Problem requirements – Please return exactly the line that contains "Superman Stylised Crackle Logo T-Shirt" and every line after it, through the last line of the records below, with no pictures.
** Opening Recorded data block **
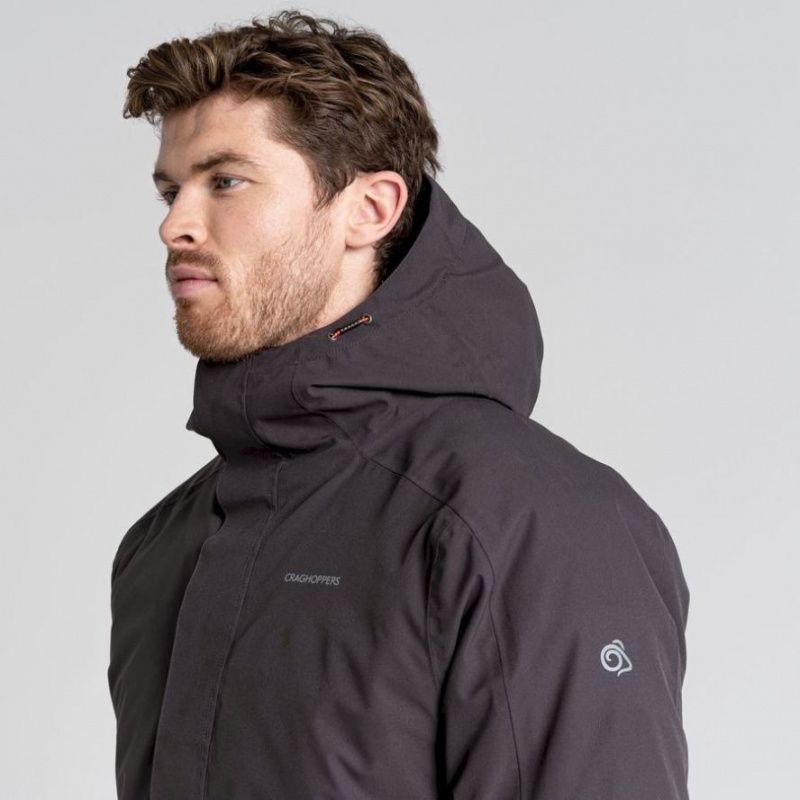 Veste À Capuche Craghoppers Lorton Thermic Homme Grise | EGMC53106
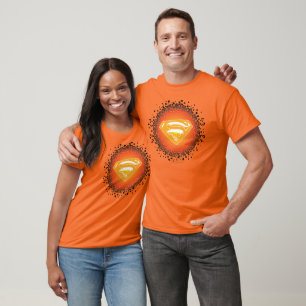Superman Stylised Crackle Logo T-Shirt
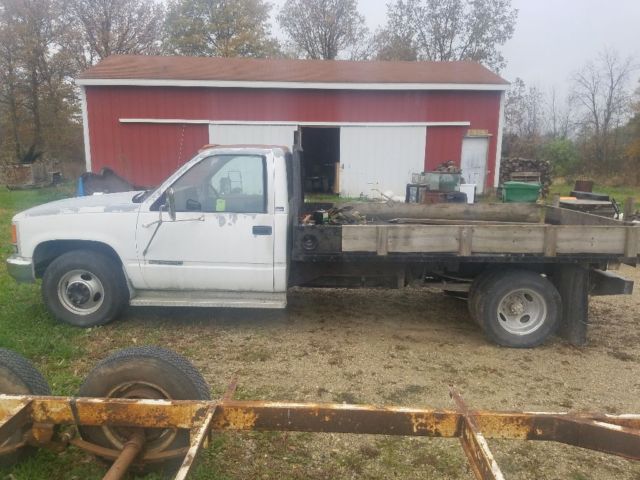 1990 gmc 3500 sierra dually flatbed truck, chevy, stakebed, ford, dodge, 1 ton 1990 GMC Sierra 3500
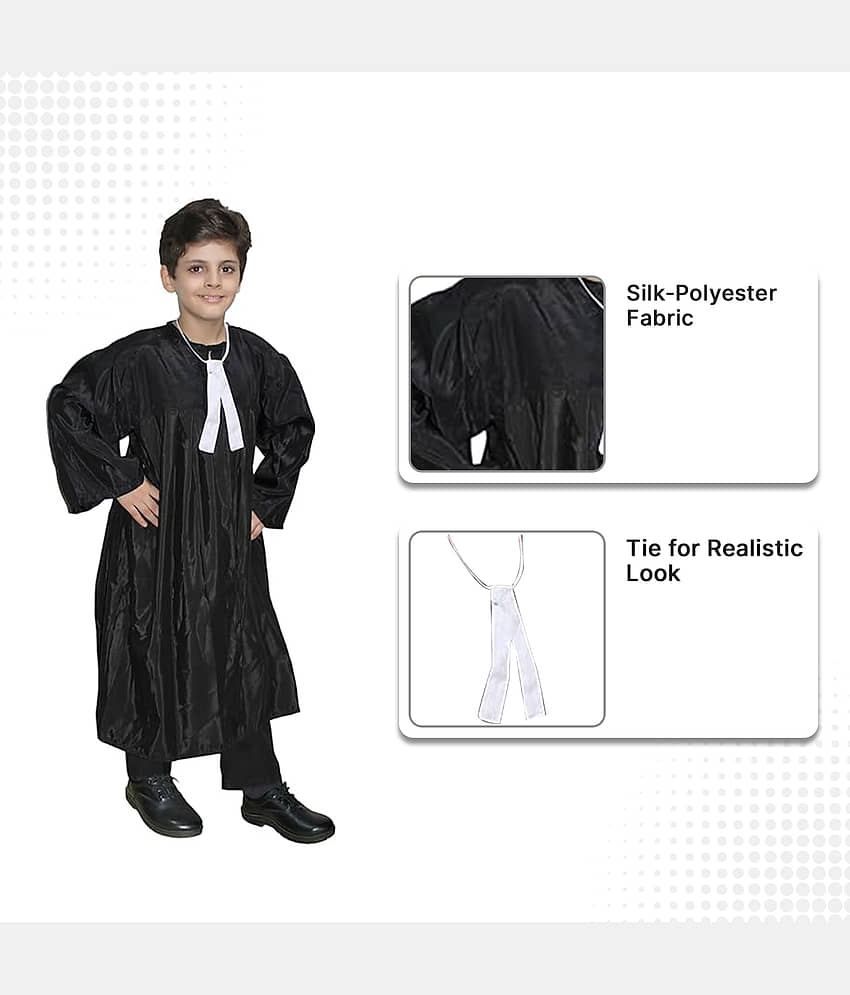 Kaku Fancy Dresses Our Community Helper Lawyer Costume -Black, 3-4 Years, For Boys & Girls view 2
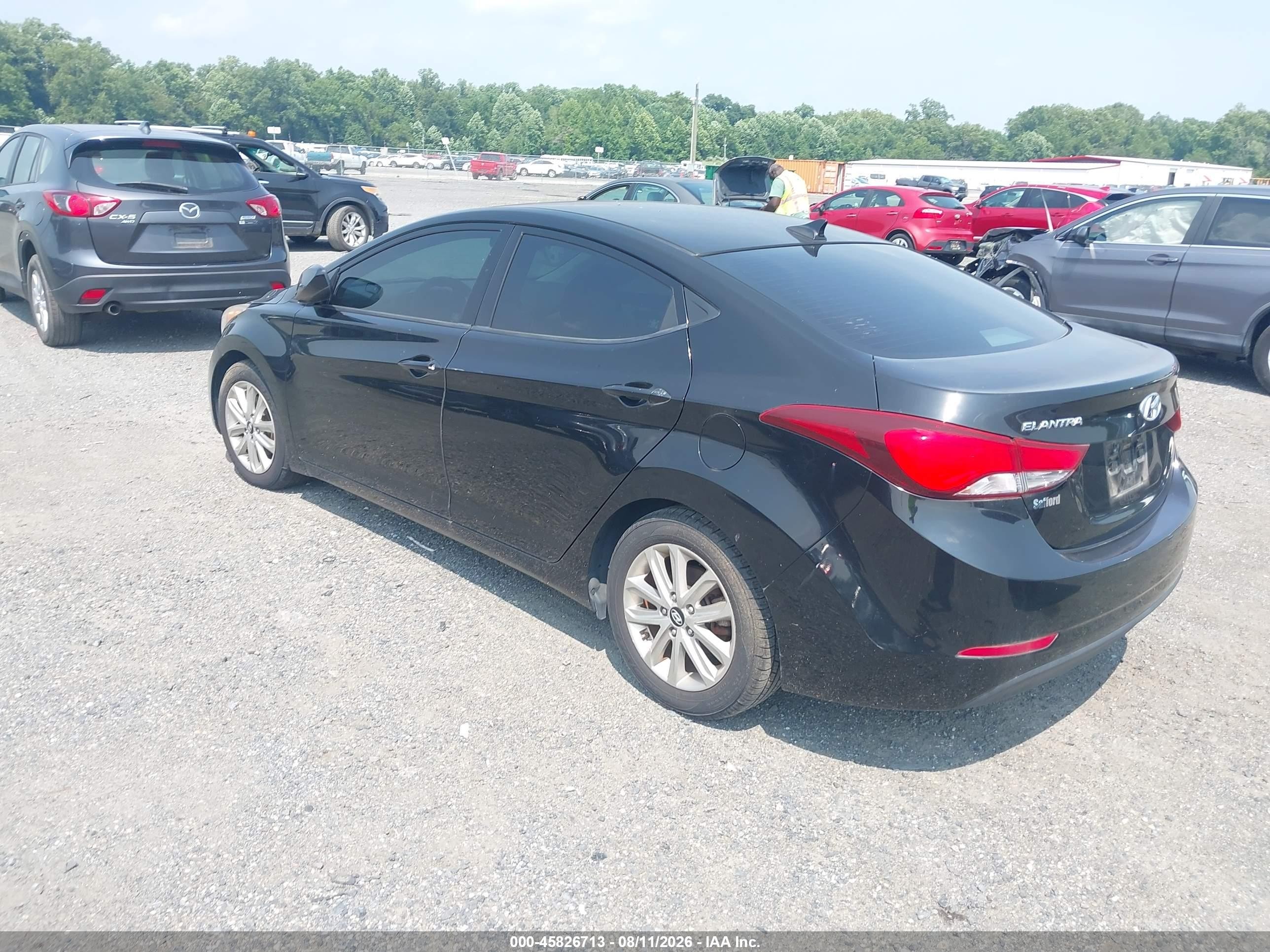 2015 Hyundai Elantra Se Black vin: KMHDH4AE5FU383961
** Closing Recorded data block **
Answer space –
Superman Stylised Crackle Logo T-Shirt
 1990 gmc 3500 sierra dually flatbed truck, chevy, stakebed, ford, dodge, 1 ton 1990 GMC Sierra 3500
 Kaku Fancy Dresses Our Community Helper Lawyer Costume -Black, 3-4 Years, For Boys & Girls view 2
 2015 Hyundai Elantra Se Black vin: KMHDH4AE5FU383961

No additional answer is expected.